É preciso arriscar e saber delegar: o momento certo para conciliar carreira, vida familiar e atribuições de pesquisadora é diferente para cada uma. Segundo ela, “o telhado de vidro que impede a pesquisadora de crescer na profissão não é uma questão de ponto de vista, e sim uma realidade estatística”, afirmou, referindo-se aos fatores sociais, históricos e políticos que tornam as mulheres menos “favorecidas” no mundo do trabalho e da ciência.
Para a psicóloga Fernanda Barcellos Serralta, é preciso que as mães-pesquisadoras adotem estratégias como adaptar-se a novas formas de trabalho
É preciso tratar as coisas como são. Fernanda afirmou que “há diversos preconceitos que impendem o desenvolvimento das mulheres e que as condições da maternidade limitam mais do que aos homens”.
Algumas estatísticas trazidas por ela reforçam a ideia de que o preconceito e a diferença de gênero estão ainda associados a aspectos familiares: mulheres que trabalham têm menos filhos do que aquelas que não trabalham; taxa de fecundidade é inversamente proporcional à presença no mercado de trabalho; mães profissionais bem-sucedidas avaliam que a sua família é menor do que o ideal e mulheres bem-sucedidas adiam ou reduzem projeto de maternidade.

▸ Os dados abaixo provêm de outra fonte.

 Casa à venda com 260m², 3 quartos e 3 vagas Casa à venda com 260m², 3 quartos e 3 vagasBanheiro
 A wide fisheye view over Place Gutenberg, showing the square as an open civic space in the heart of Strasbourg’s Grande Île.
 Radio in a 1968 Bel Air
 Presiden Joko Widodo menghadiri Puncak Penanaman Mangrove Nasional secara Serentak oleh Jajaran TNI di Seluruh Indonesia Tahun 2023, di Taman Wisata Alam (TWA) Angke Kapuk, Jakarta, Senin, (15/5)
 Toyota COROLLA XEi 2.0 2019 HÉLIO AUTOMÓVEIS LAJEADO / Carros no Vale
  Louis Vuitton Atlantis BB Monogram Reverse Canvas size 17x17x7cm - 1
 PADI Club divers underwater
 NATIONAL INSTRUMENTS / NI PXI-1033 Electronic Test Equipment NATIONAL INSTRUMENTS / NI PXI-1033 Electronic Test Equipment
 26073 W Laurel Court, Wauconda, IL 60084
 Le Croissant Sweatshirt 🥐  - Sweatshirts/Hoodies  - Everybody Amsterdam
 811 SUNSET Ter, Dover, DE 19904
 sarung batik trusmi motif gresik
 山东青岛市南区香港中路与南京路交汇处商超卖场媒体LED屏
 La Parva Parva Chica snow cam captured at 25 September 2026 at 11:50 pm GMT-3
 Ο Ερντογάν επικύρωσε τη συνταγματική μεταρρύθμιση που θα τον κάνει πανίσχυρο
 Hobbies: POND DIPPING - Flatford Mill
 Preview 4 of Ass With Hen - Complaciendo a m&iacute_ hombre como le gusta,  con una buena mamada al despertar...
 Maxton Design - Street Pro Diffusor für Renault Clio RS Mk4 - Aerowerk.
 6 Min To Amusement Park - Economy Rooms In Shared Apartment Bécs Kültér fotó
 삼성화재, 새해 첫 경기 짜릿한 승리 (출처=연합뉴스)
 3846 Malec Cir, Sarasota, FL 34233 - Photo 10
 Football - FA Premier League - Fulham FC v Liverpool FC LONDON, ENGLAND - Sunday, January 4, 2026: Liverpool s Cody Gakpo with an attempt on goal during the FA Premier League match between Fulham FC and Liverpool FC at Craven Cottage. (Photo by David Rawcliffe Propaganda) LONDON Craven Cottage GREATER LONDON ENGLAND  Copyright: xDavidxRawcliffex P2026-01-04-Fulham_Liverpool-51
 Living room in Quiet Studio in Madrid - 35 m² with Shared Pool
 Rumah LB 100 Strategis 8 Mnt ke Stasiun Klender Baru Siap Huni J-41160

“O sucesso vai depender do parceiro, dos chefes, da filosofia institucional do local onde trabalhamos, além do apoio de colegas e da nossa capacidade de fazer escolhas planejadas”, afirma a psicóloga, mãe de três filhos, que iniciou a maternidade aos 37 anos.
Para propor soluções que permitam avançar no debate, Fernanda trouxe depoimentos de mães que são cientistas, sobre como elas fazem para viabilizar seus estudos: algumas sacrificam a licença-maternidade, outras contam com o apoio dos maridos, contratam babás ou apostam em jornadas reduzidas de trabalho. Resumindo: é preciso flexibilidade e adaptação, mudança de foco, saber pedir ajuda e, muitas vezes, alterar rotinas de trabalho, criando um ambiente favorável para que as demandas do trabalho não se sobreponham às da vida familiar.